What to produce → All lines from the top of the records below through the line holding "Load image into", and only those, should be printed exactly, minus the pictures.

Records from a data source

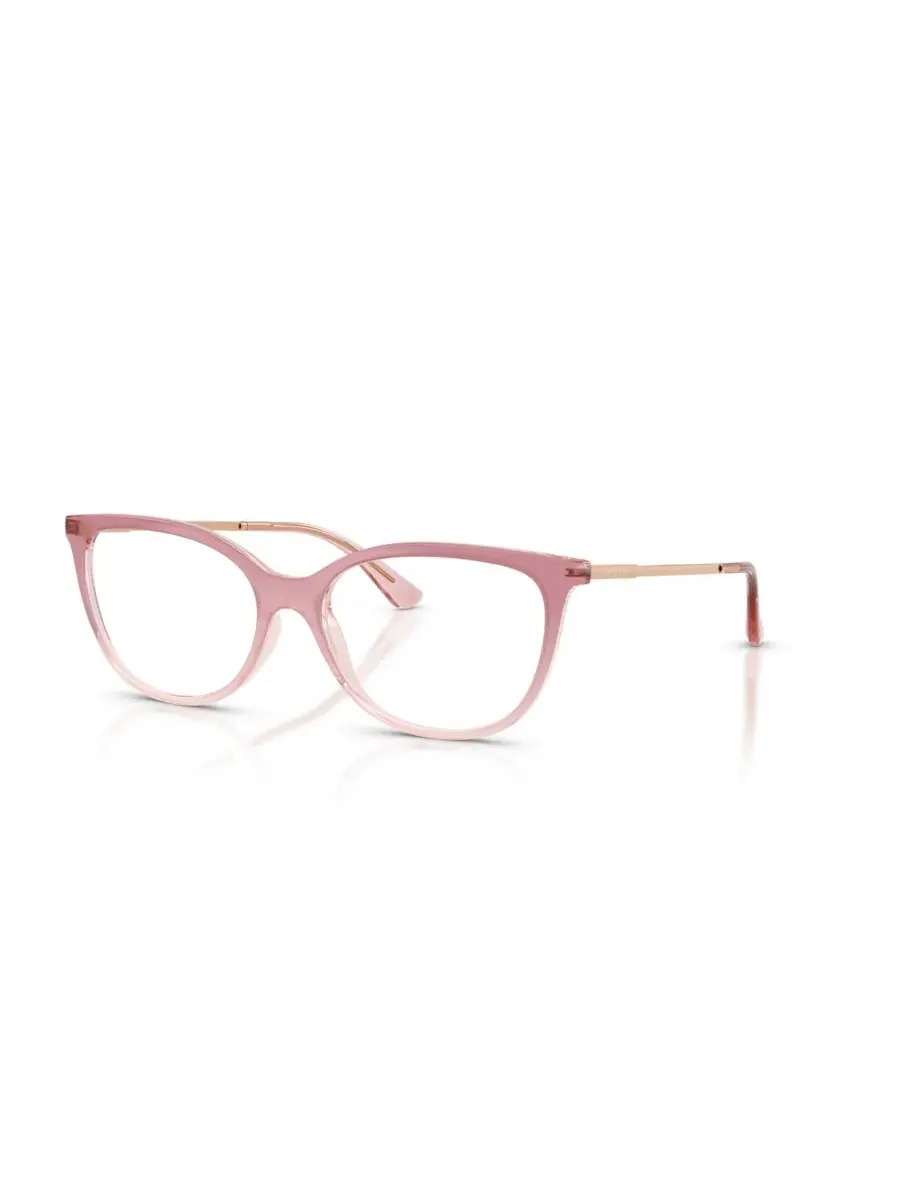 Женские круглые очки, VO5673 Vogue Eyewear — изображение 1 из 5, розовый
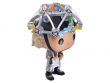 Фигурка Funko POP! Назад в будущее: Док в шлеме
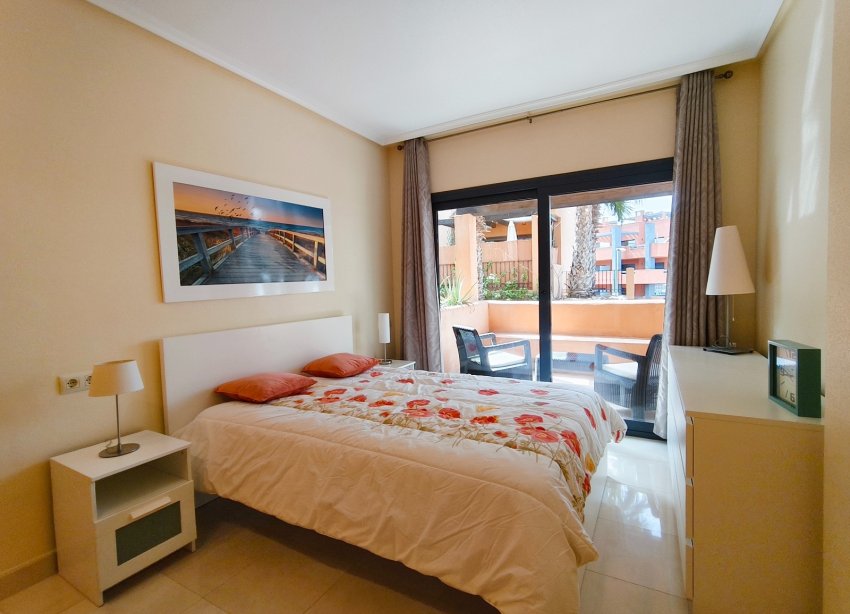 Rynek Wtórny - Apartament - Orihuela Costa - Villamartín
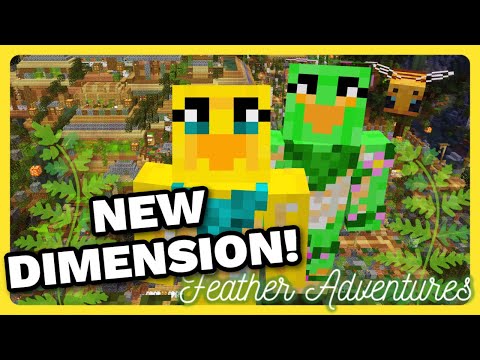 Feather Adventures : A POLLUTED WORLD - {344}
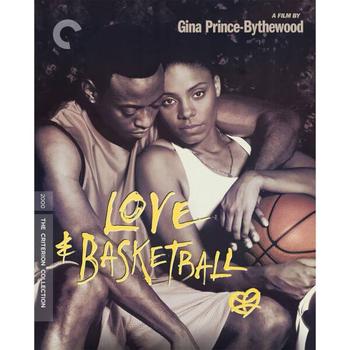 商品Love & Basketball - The Criterion Collection图片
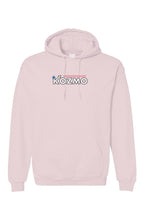 Load image into Gallery viewer, Full Kozmo Hoodie Pink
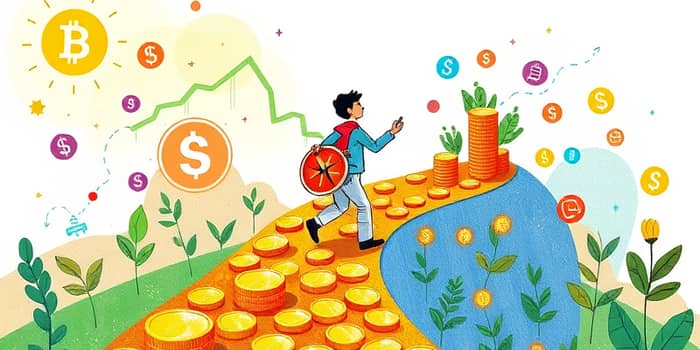 Shielding Your Spending: Prudent Habits for Prosperity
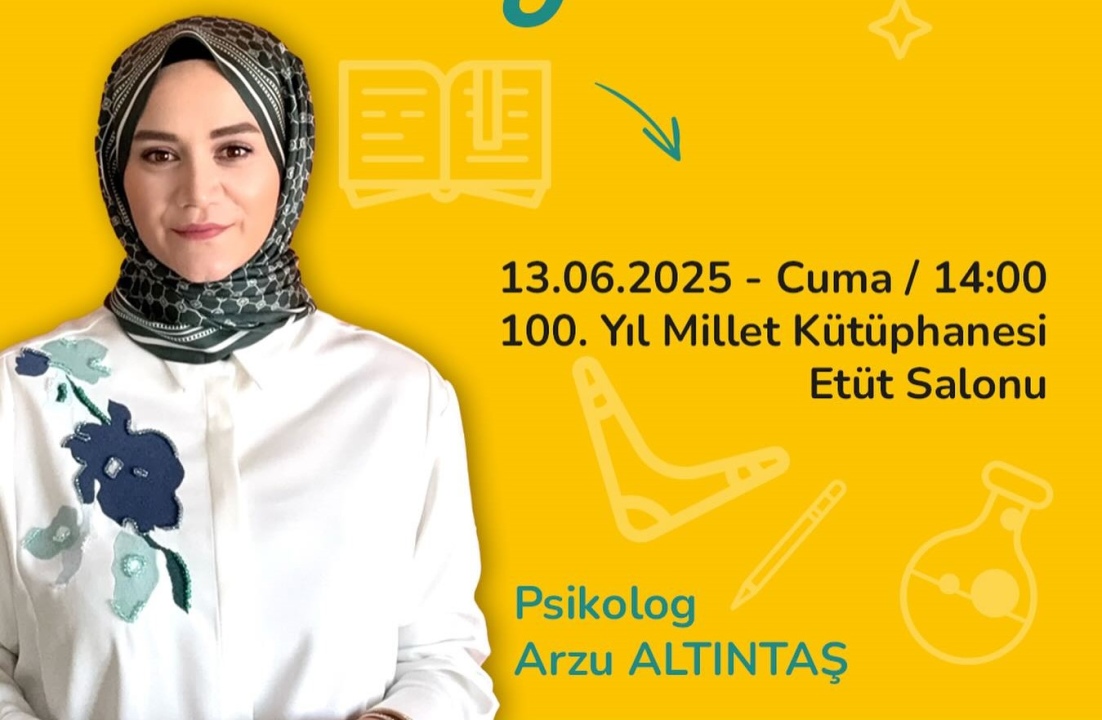 Niğde’de öğrencilere ‘Sınav Öncesi Stres Yönetimi’ semineri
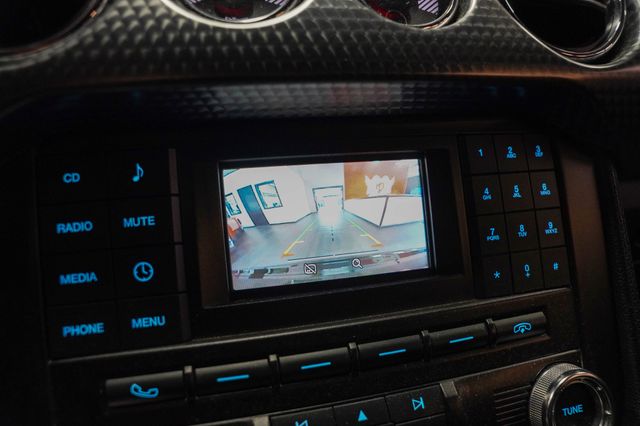 2015 Ford Mustang 2dr Fastback GT - 23064700 - 7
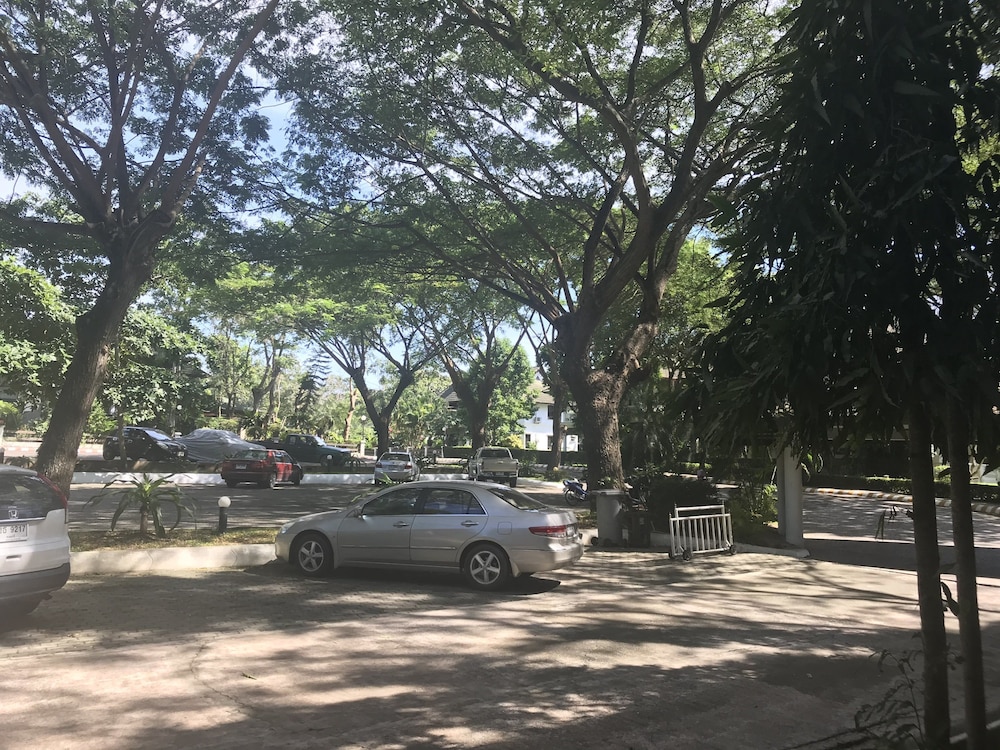 Baan Somprasong Apartment - Na Jomtien 36/50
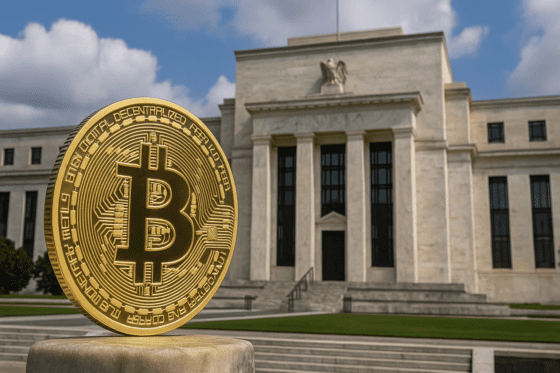 [코인시황] 비트코인, 미 금리 인하에도 약세…1억6000만원대 거래중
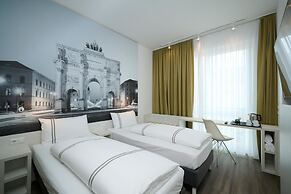 Premier Inn München City West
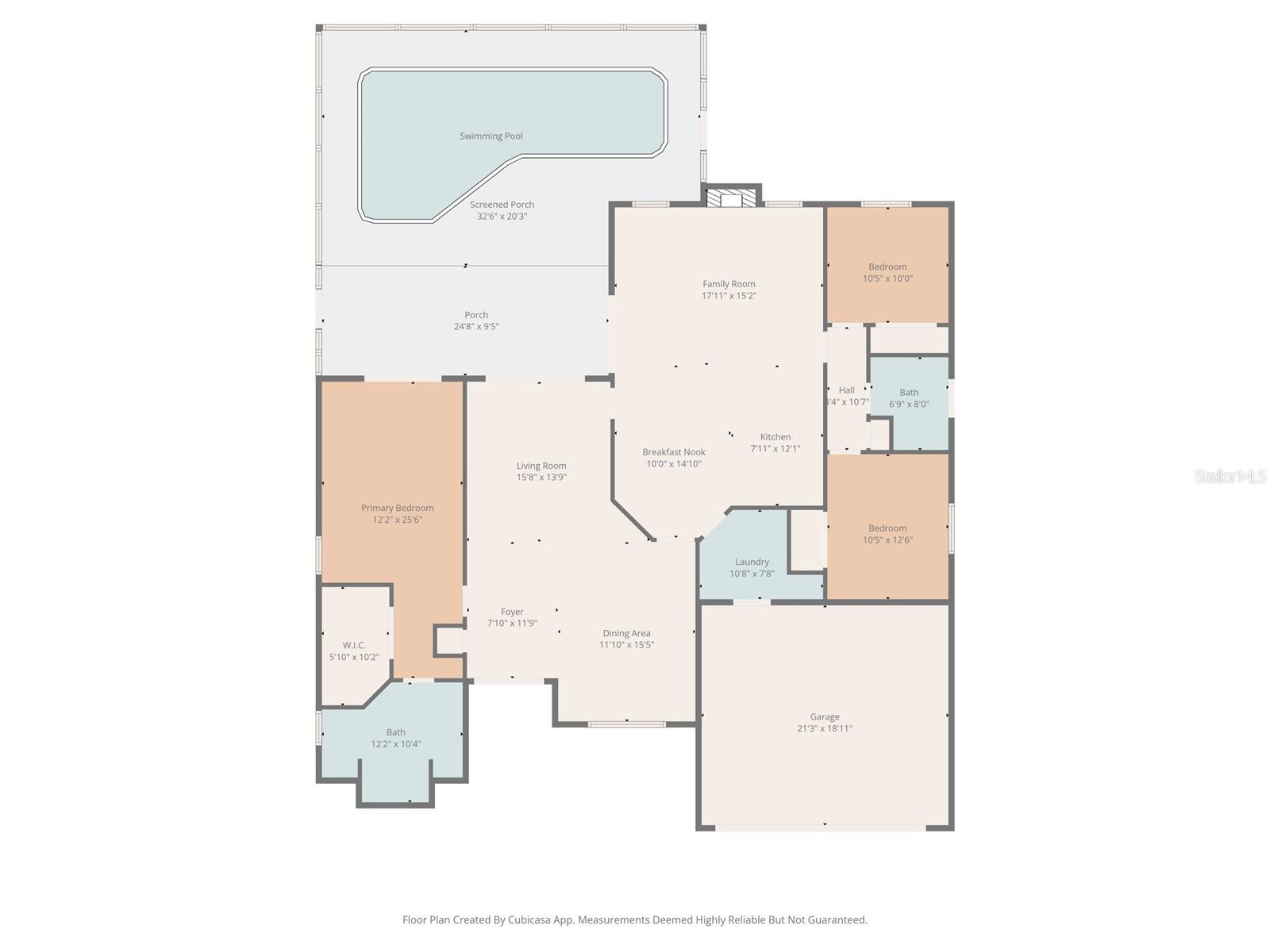 2212 LAKE BAY WAY, BRANDON, FL, 33511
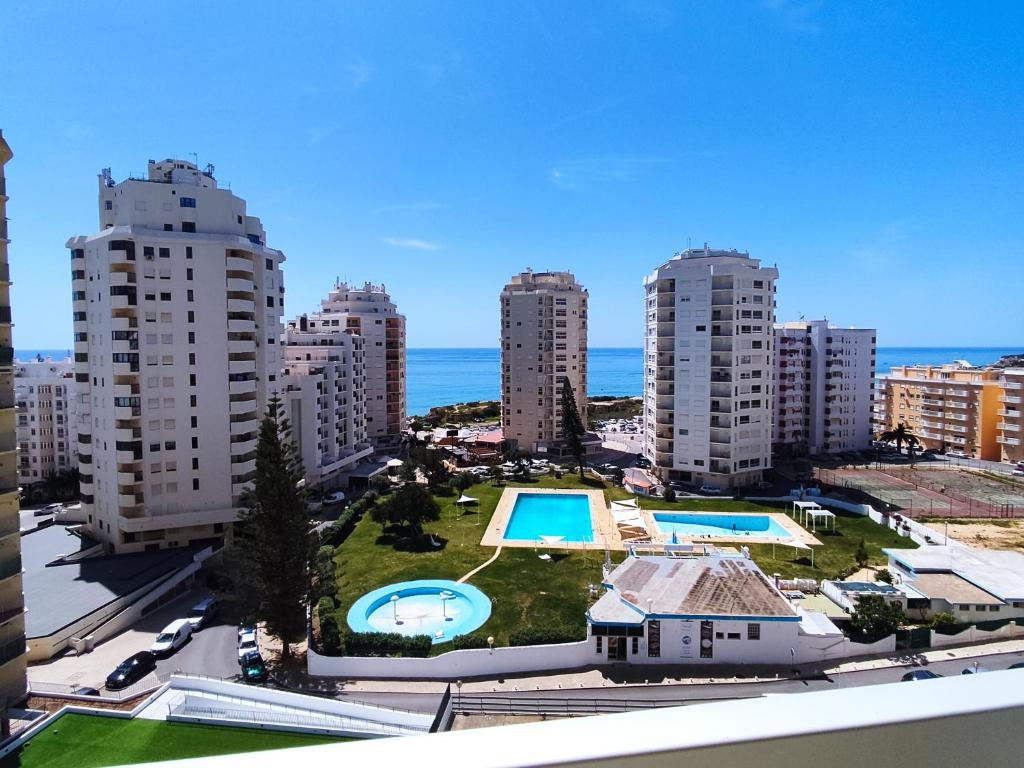 Image of Apartamento T1 Quinta da Torre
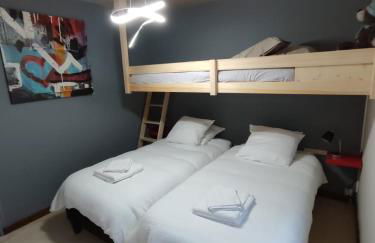 Appartement meublé classé 3 étoiles de 72 m2, 2 chambres - Foto 22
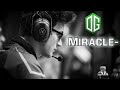 OG.Miracle- Dota 2 Tribute Movie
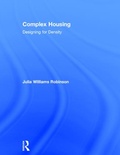 Cover: Complex Housing - Routledge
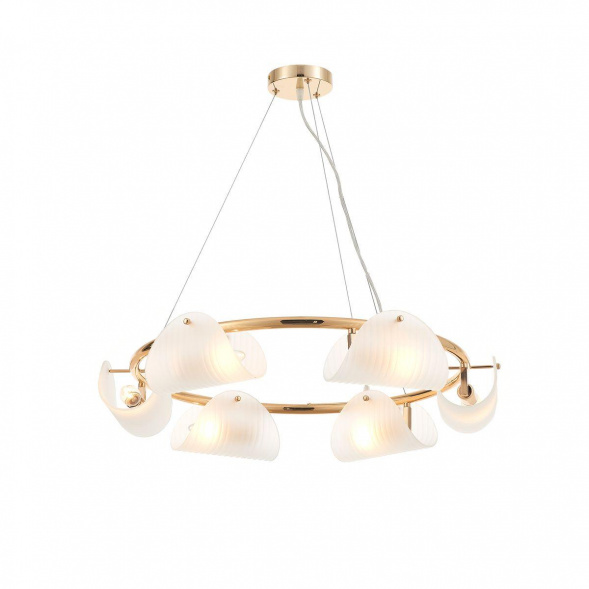 Подвесная люстра Rivoli Mariana 3178-205 Б0066491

Result of this task →
 Женские круглые очки, VO5673 Vogue Eyewear — изображение 1 из 5, розовый
 Фигурка Funko POP! Назад в будущее: Док в шлеме
 Rynek Wtórny - Apartament - Orihuela Costa - Villamartín
 Feather Adventures : A POLLUTED WORLD - {344}
 商品Love & Basketball - The Criterion Collection图片
 Load image into Gallery viewer, Full Kozmo Hoodie Pink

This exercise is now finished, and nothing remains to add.